Archive for the ‘Tech’ Category

Ah, it does on and on. After my last attempt at literate OWL programming, called omnsplit, I decided that there was a problem; this version splits the OWL file into individual statements, and puts them into files with the same name as the OWL class (property, or whatever).

The problem is that, for an ontology like OBI, you get 1400 individual files; this is just inconvienient as many applications don’t like this many files in a directory. Also, there is a naming constraint; you can only use characters legal in the file system; this doesn’t include “:” if you want to be Windows (NTFS) compliant.

So, for my new system, I decided to generate an index file, which just points at locations in the ontology file. Initially, I was just going to index the main ontology file; in the end, I decided a partial copy was the way forward; generating both the index and indexed file ensure that they will stay in-sync.

It required a bit of nasty latex hacking; the basic problem was avoiding the limitation of being only able to use legal LaTeX macro characters (that is letters). The system now works like this:



%% This is generated by python which also generates the
%% function_ont.spt file which is a copy of the ontology (with a
%% few new lines gone.

%% This just defines a new macro in what appears to be an
%% unnecessarily complex way.
\expandafter\def\csname OmnEntityHeaderheader\endcsname%
{\lstinputlisting[language=omn,firstline=1,lastline=8]{function_ont.spt}}

%% But the use of \expandafter and \csname means that you can
%% use any character you like, including underscores and numbers
%% in the macro name.
\expandafter\def\csname OmnEntityObjectPropertyhas_role\endcsname%
{\lstinputlisting[language=omn,firstline=206,lastline=219]{function_ont.spt}}

%% We can now define two commands in the style file. Again
%% we use \csname so that we are not bound to characters legal
%% in latex macros.
\newcommand{\omnclass}[2]{\csname OmnEntityClass#1#2\endcsname}
\newcommand{\omnobjprop}[2]{\csname OmnEntityObjectProperty#1#2\endcsname}

%% now in our source, we can do things like this.
\omnobjprop{}{has_role}

Using an index in this way also has another advantage. I’ve had to make a decision whether to go with rdfs:label or the entity name. I can now back out of this; I can just use both in the index file, without too much extra space, so that either would be referencable within the latex.

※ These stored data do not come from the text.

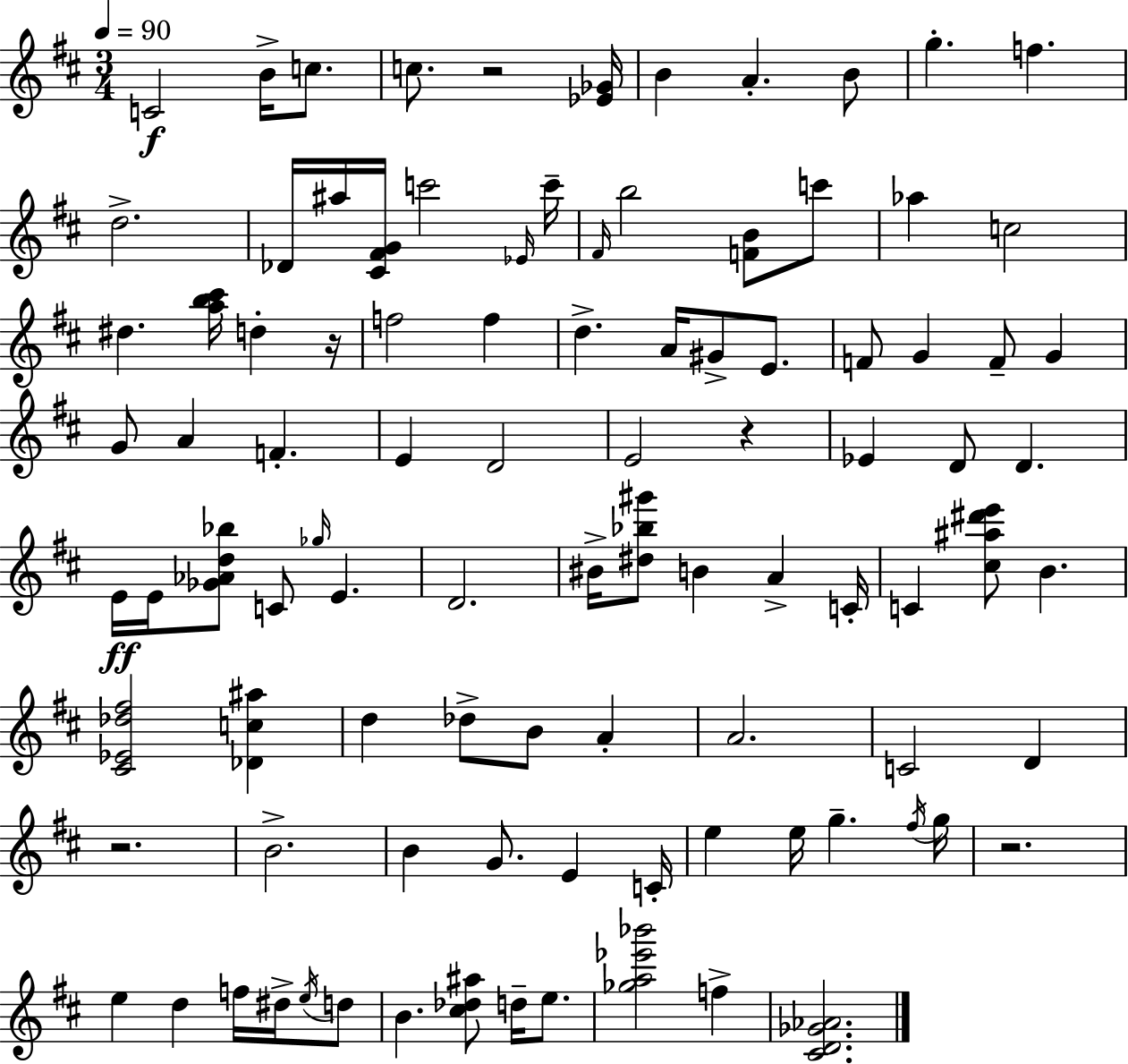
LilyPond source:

{
  \clef treble
  \numericTimeSignature
  \time 3/4
  \key d \major
  \tempo 4 = 90
  c'2\f b'16-> c''8. | c''8. r2 <ees' ges'>16 | b'4 a'4.-. b'8 | g''4.-. f''4. | \break d''2.-> | des'16 ais''16 <cis' fis' g'>16 c'''2 \grace { ees'16 } | c'''16-- \grace { fis'16 } b''2 <f' b'>8 | c'''8 aes''4 c''2 | \break dis''4. <a'' b'' cis'''>16 d''4-. | r16 f''2 f''4 | d''4.-> a'16 gis'8-> e'8. | f'8 g'4 f'8-- g'4 | \break g'8 a'4 f'4.-. | e'4 d'2 | e'2 r4 | ees'4 d'8 d'4. | \break e'16\ff e'16 <ges' aes' d'' bes''>8 c'8 \grace { ges''16 } e'4. | d'2. | bis'16-> <dis'' bes'' gis'''>8 b'4 a'4-> | c'16-. c'4 <cis'' ais'' dis''' e'''>8 b'4. | \break <cis' ees' des'' fis''>2 <des' c'' ais''>4 | d''4 des''8-> b'8 a'4-. | a'2. | c'2 d'4 | \break r2. | b'2.-> | b'4 g'8. e'4 | c'16-. e''4 e''16 g''4.-- | \break \acciaccatura { fis''16 } g''16 r2. | e''4 d''4 | f''16 dis''16-> \acciaccatura { e''16 } d''8 b'4. <cis'' des'' ais''>8 | d''16-- e''8. <ges'' a'' ees''' bes'''>2 | \break f''4-> <cis' d' ges' aes'>2. | \bar "|."
}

To me, this feels like the right solution. It’s relatively simple (with a bit of nasty latex, which is nicely hidden), it doesn’t depend on the file system. It needs a bit more work to bring it to completion, but not that much.

Sadly bio-ontologies looms, so next week will be getting ready for that; perhaps I can finish this off on the way back. “Sadly” is perhaps a poor choice of words; I’m greatly looking forward to it, but I’ve kind of had the bit between my teeth with python and latex hacking for the last few weeks.

Just upgraded to WordPress 2.8. The automatic update didn’t work; this seems to be a continual problem which stems from wordpress not being in the default location. For some reason, it wants to push from the new version rather than pull under these circumstances. Not good.

So, I did the manual upgrade; unfortunately the admin page crashed out with an error:

PHP Fatal error: Call to a member function read() on a non-object in wp-includes/theme.php on line 387

This has been reported here and here

It’s this bit of code causing the problems.


$template_dir = @ dir("$theme_root/$template");
                if ( $template_dir ) {
                        while ( ($file = $template_dir->read()) !== false ) {
// etc

It appeared to be only be my modified version of the theme (Evanesence) causing the problem; it’s not very modified, so I removed them one by one. For no readily apparent reason the problem appears to be a subdirectory called “images.old”. Surely, not a good reason for a crash.

Weird and wonderful.

After a bit of struggle, I now have another literate OWL tool working, along the lines discussed in a previous blog post. Rather than generating the OWL documentation, I now split a Manchester syntax file up, so that I can refer to bits of it. I have this working with OBI, using Protege to produce a single merged ontology file, in Manchester syntax.

The current implementation is rather simple; it produces one file-per-entity in the OWL file which I don’t think is entirely good. When run on OBI, it creates over 1400 files which is a lot. The other problem is that I’ve had to do some dubious hacking to get the file names work out. Firstly, I have to remove spaces and “\”‘s, as wel as “:” which is illegal on NTFS.

There’s also a problem with some of the OWL. Unfortunately, the OBI to OWL conversion process has a reification step which I don’t quite understand the purpose of. This comes out as this sort of anonymous individual. I’m not sure at all how the definition has come out as the rdfs:label, but, for sure, you can’t use this as a filename!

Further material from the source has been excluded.